**TASK DIRECTIONS:**
Restate all of the following data exactly, keeping any images out of the copy.

**COLLECTED MATERIAL:**
○ ○ ○
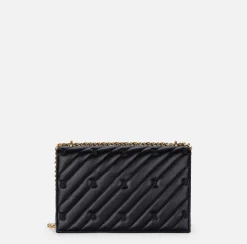 Borse A Tracolla|Elisabetta Franchi Borsa grande matelassé con tracolla Nero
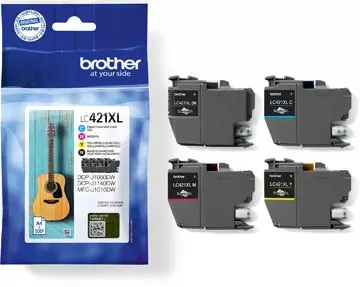 Een Brother inktcartridge, 500 pagina's, OEM LC-421XLVAL, 4 kleuren koop je bij ShopXPress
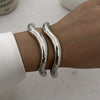 Metal Asymmetrical Lava Bracelet For Women Geometric Style Electroplated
○ ○ ○
**RESPONSE BELOW:**
 Borse A Tracolla|Elisabetta Franchi Borsa grande matelassé con tracolla Nero
 Een Brother inktcartridge, 500 pagina's, OEM LC-421XLVAL, 4 kleuren koop je bij ShopXPress
 Metal Asymmetrical Lava Bracelet For Women Geometric Style Electroplated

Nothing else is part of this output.